When read in heaven's light how glorious and marvellous a prospect will thy "hitherto" unfold to thy grateful eye!

Evening - Day 364
"What think ye of Christ?"

The great test of your soul's health is, What think you of Christ? Is he to you "fairer than the children of men"--"the chief among ten thousand"--the "altogether lovely"? Wherever Christ is thus esteemed, all the faculties of the spiritual man exercise themselves with energy. I will judge of your piety by this barometer: does Christ stand high or low with you? If you have thought little of Christ, if you have been content to live without his presence, if you have cared little for his honour, if you have been neglectful of his laws, then I know that your soul is sick--God grant that it may not be sick unto death! But if the first thought of your spirit has been, how can I honour Jesus? If the daily desire of your soul has been, "O that I knew where I might find him!" I tell you that you may have a thousand infirmities, and even scarcely know whether you are a child of God at all, and yet I am persuaded, beyond a doubt, that you are safe, since Jesus is great in your esteem. I care not for thy rags, what thinkest thou of his royal apparel?
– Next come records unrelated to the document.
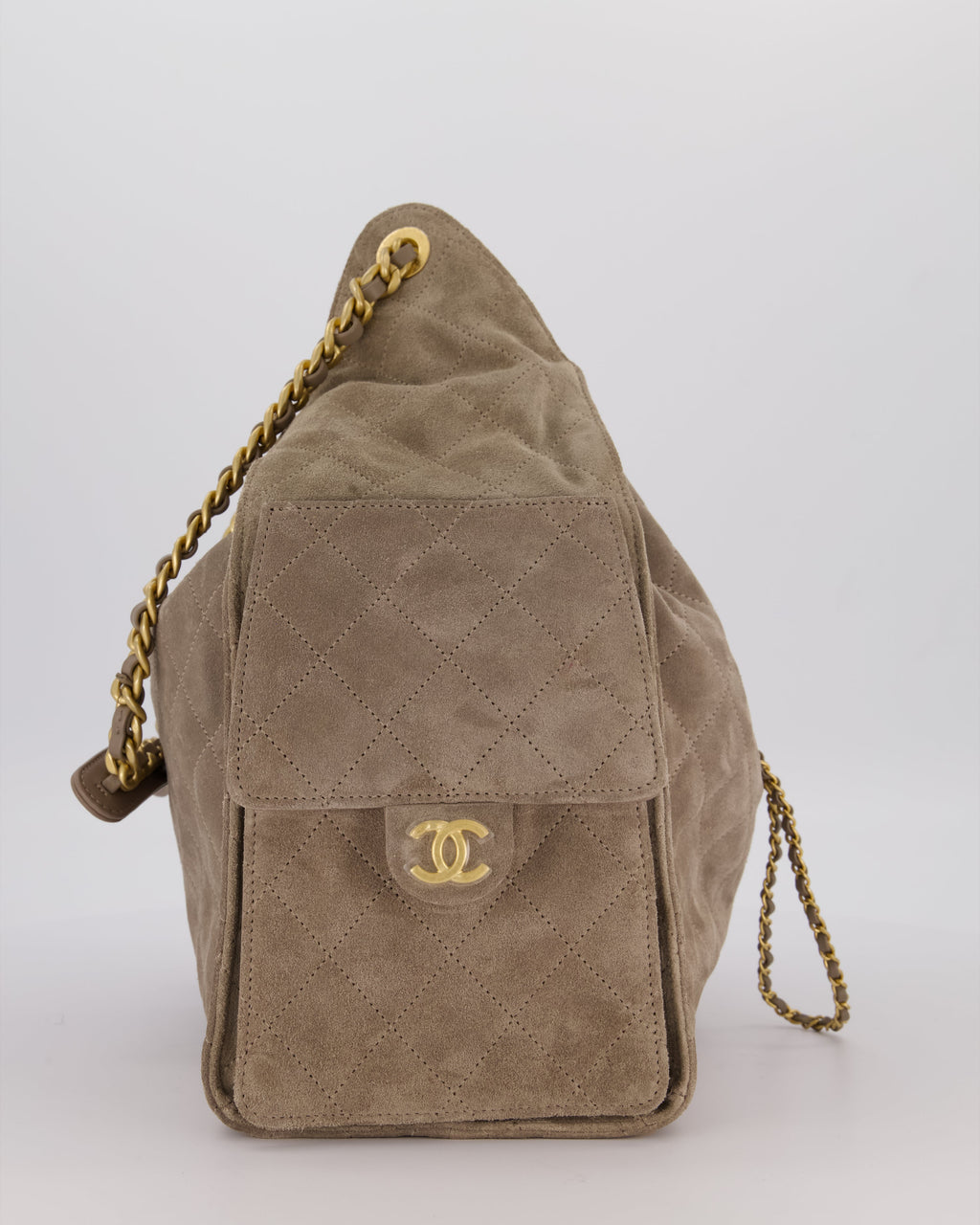 Chanel Taupe 25 Medium Handbag in Suede Calfskin Leather with Champagne Gold Hardware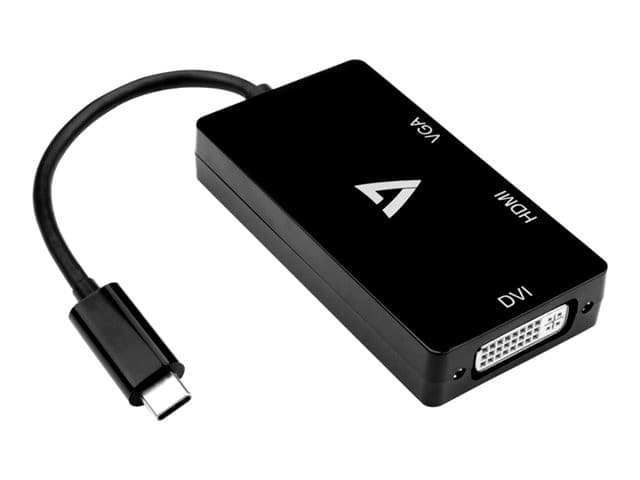 V7 USB-C to DVI Adapter Black - Image 1
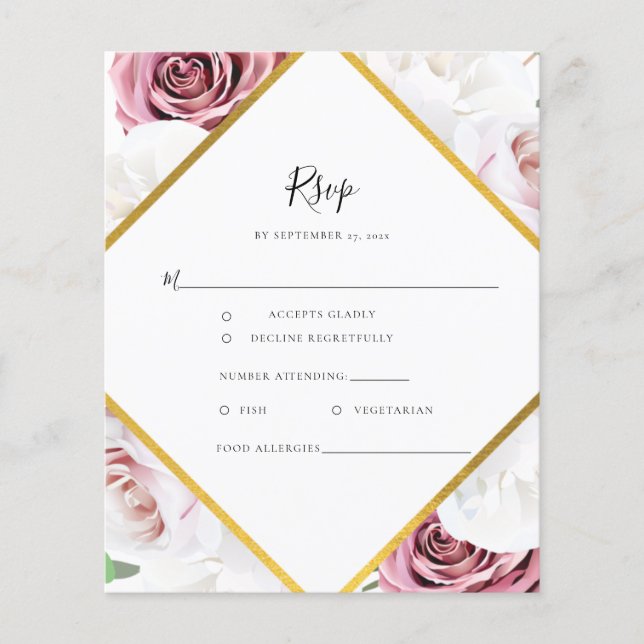 Budget Rosa Ros Geometrisk Blommig RSVP-kort (Framsida)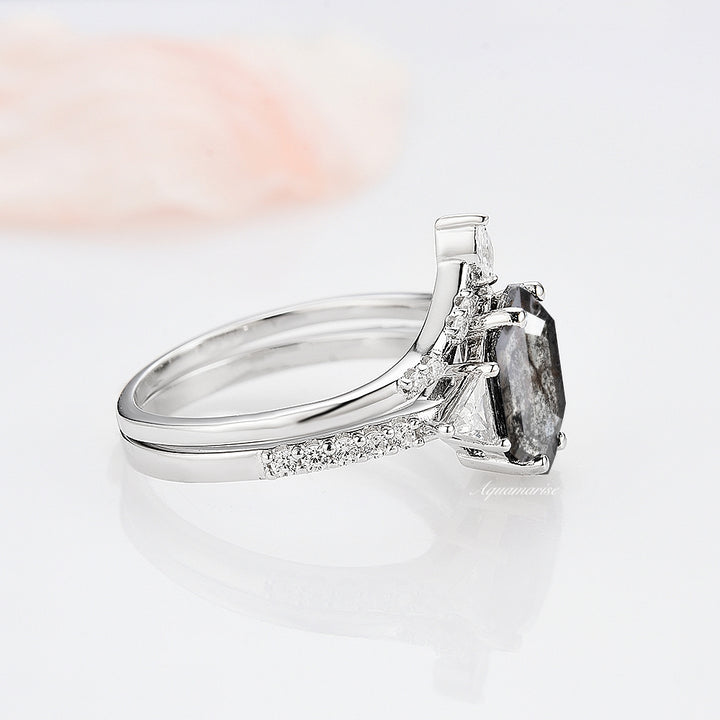 Galaxy Raw Salt & Pepper Diamond (Herkimer Diamond) Hexagon Ring Set- 925 Sterling Silver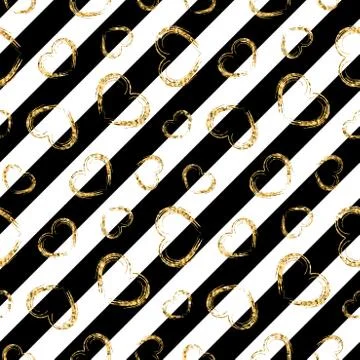 Gold heart seamless pattern. Black-white geometric stripes, golden grunge con Stock Illustration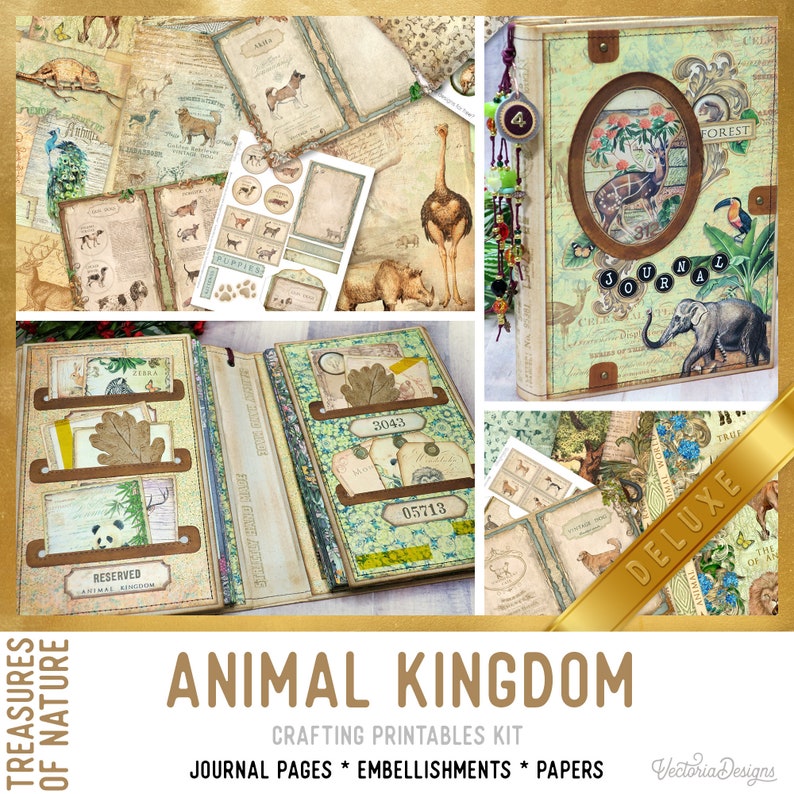 Animal Kingdom Junk Journal Kit DELUXE Crafting Printables Kit, Animals Embellishments Animals Paper Craft Kits Junk Journal Tutorial 002932 image 1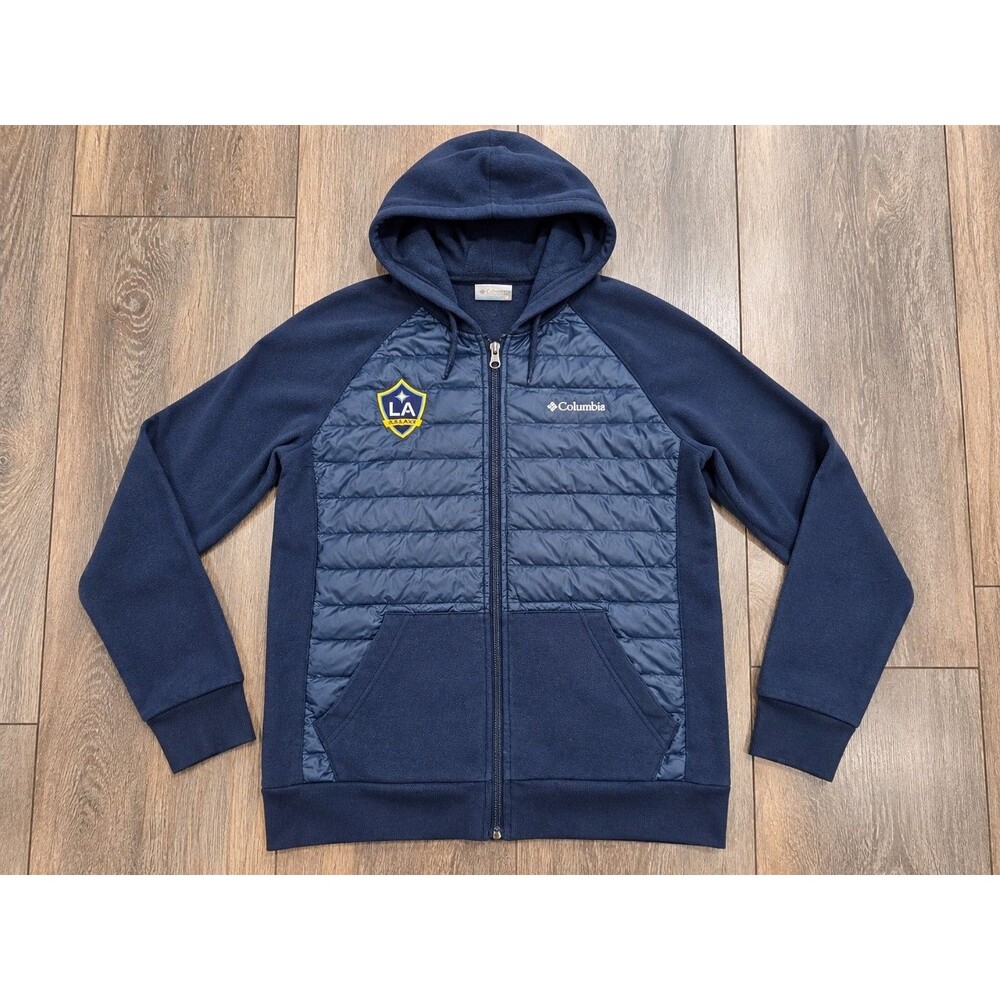 Columbia LA Galaxy Mens S Navy Hybrid Puffer Fleece Hooded Jacket MLS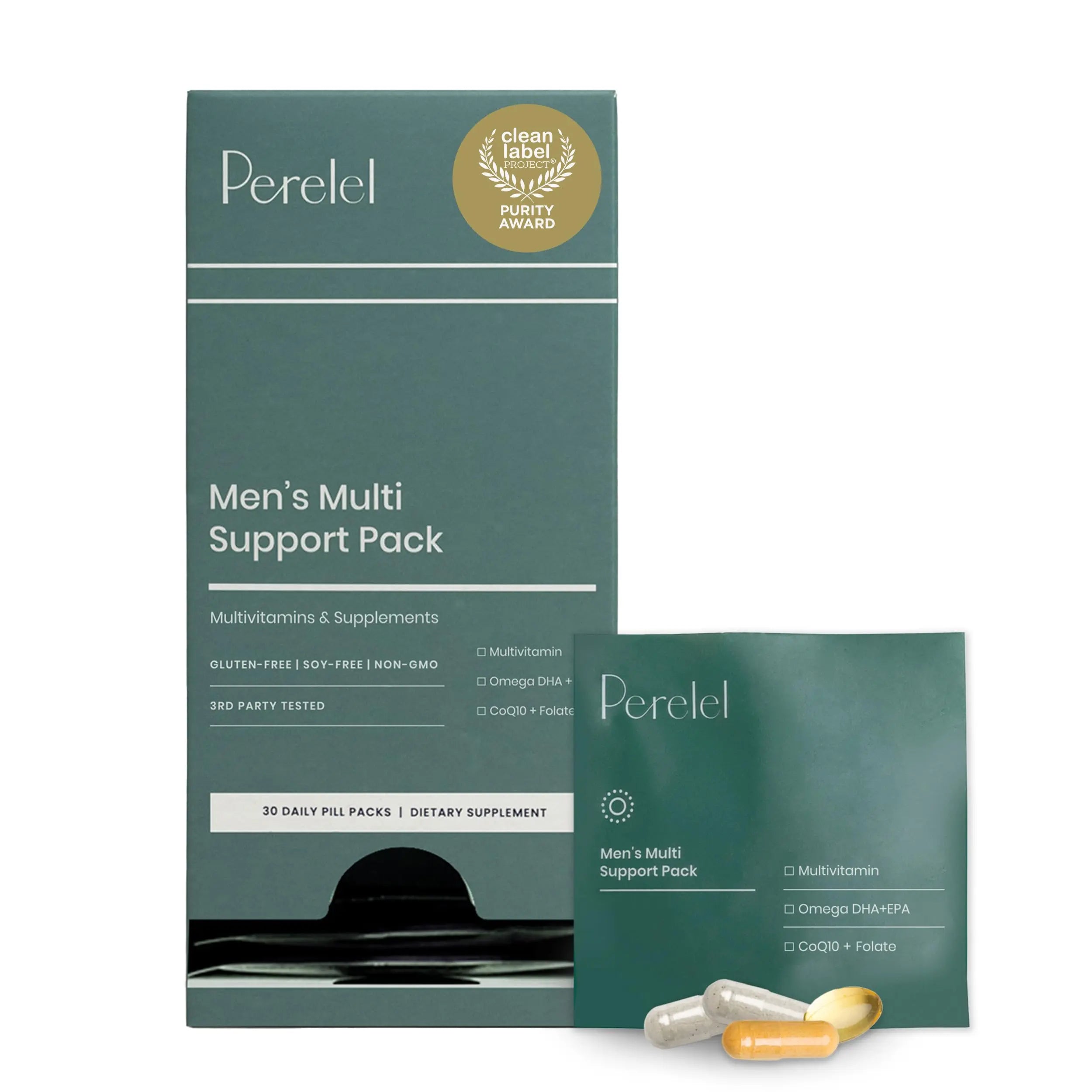 Perelel Men’s Multi Support Pack, Daily Multivitamin with Magnesium, Omega 3, CoQ10 & Folate, Nutritional Support Perelel uk supplements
I care not for thy wounds, though they bleed in torrents, what thinkest thou of his wounds? are they like glittering rubies in thine esteem? I think none the less of thee, though thou liest like Lazarus on the dunghill, and the dogs do lick thee--I judge thee not by thy poverty: what thinkest thou of the King in his beauty? Has he a glorious high throne in thy heart? Wouldest thou set him higher if thou couldest? Wouldest thou be willing to die if thou couldest but add another trumpet to the strain which proclaims his praise? Ah! then it is well with thee. Whatever thou mayest think of thyself, if Christ be great to thee, thou shalt be with him ere long.
"Though all the world my choice deride, Yet Jesus shall my portion be; For I am pleased with none beside, The fairest of the fair is he"

1 Samuel 7:12 NASB

12 Then Samuel took a stone and set it between Mizpah and Shen, and named it Ebenezer, saying, "Thus far the Lord has helped us."

Matthew 22:42 NASB

42 "What do you think about the Christ, whose son is He?" They said to Him, " The son of David."